Parsing and analyzing a URI.


SYNOPSIS

You have a variable containing a URI (uniform resource identifier) and you want to take it apart and do something with it.

Input

  http://www.foo.com/alpha/bet.cgi?t=3#top

Output

  http
  www.foo.com
  /alpha/bet.cgi
  t=3
  top


EXPLANATION

RFCs 2396 and 2732 document and specify the format of a URI. We want to extract certain parts of a URI and examine them. A URI, in general, has the form "<scheme> //<authority> <path> ?<query> #<fragment>". The RFCs present us with a regex to use:

  m{
    ^
    (?: ( [^:/?#]+ ): )?   # scheme
    (?: // ( [^/?#]* ) )?  # authority
    ( [^?#]* )             # path
    (?: \? ( [^#]* ) )?    # query
    (?: \# (.*) )?         # fragment
  }x

This regex, in list context, returns five strings. Some might not exist (and be returned as undef) for some URIs. First, let's write a function for convenience:

  sub uri_parse {
    shift =~ m{
     ^
       (?: ( [^:/?#]+ ): )?   # scheme
       (?: // ( [^/?#]* ) )?  # authority
       ( [^?#]* )             # path
       (?: \? ( [^#]* ) )?    # query
       (?: \# (.*) )?         # fragment
    }x;
  }

This returns true or false in scalar context, and a list of five scalars in list context. Now we can work with a URI:

  my ($scheme, $auth, $path, $query, $frag) =
    uri_parse('http://www.foo.com/alpha/bet.cgi?t=3#top');

We also want a sister function to put the pieces back together.

  sub uri_create {
    my ($scheme, $auth, $path, $query, $frag) = @_;
    my $uri;
    $uri .= "$scheme:" if defined $scheme;
    $uri .= "//$auth"  if defined $auth;
    $uri .= $path      if defined $path;
    $uri .= "?$query"  if defined $query;
    $uri .= "#$frag"   if defined $frag;
    return $uri;
  }

Now we break a URI apart, change something, and put it back together in a safe manner. However, URIs are subject to certain escaping circumstances, and need to be handled far more safely. For simple cases, this approach (using the regex and functions) is adequate, but more complex cases (where escaping is required) need a far more robust solution.

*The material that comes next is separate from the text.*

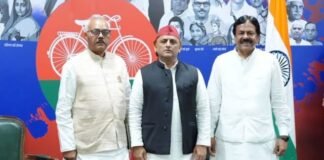 सपा ने विधान परिषद में बदला नेता प्रतिपक्ष, लाल बिहारी यादव की जगह लेंगे जासमीर अंसारी जसमीर अंसारी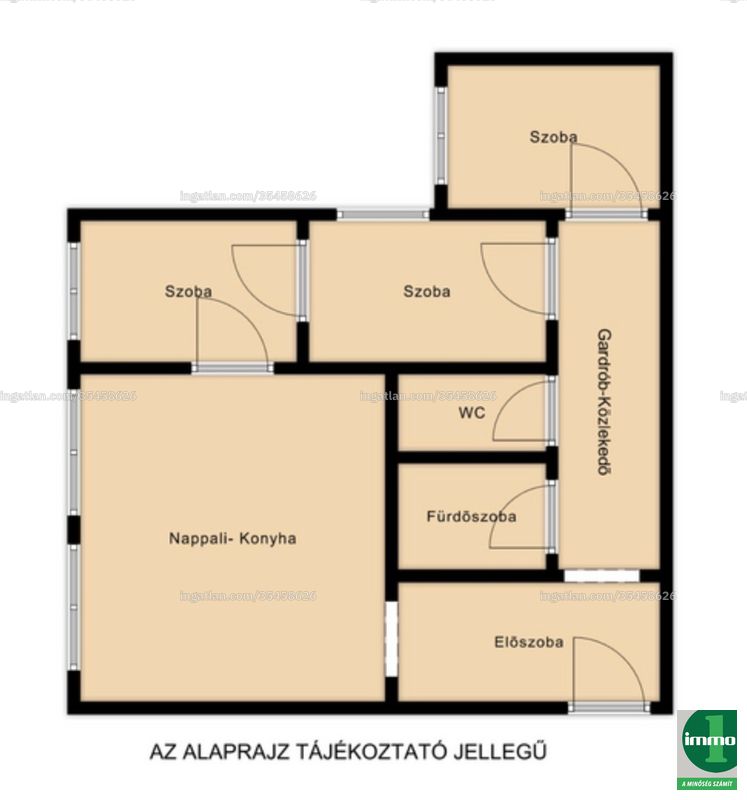 Picture of the real estate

Luckily, such a solution exists...


SEE ALSO

The URI module is superb for working with all sorts of URIs, and even making up your own. It is not a standard module, but is a suggested addition to your Perl library. It handles several schemes, and has many useful methods for extracting very specific pieces of a URI. For example, some FTP URIs include username and password information that our function doesn't extract as their own elements (ftp://user!pass@ftp.server.com/pub/README).

The URI module uses regexes based on the RFCs mentioned above.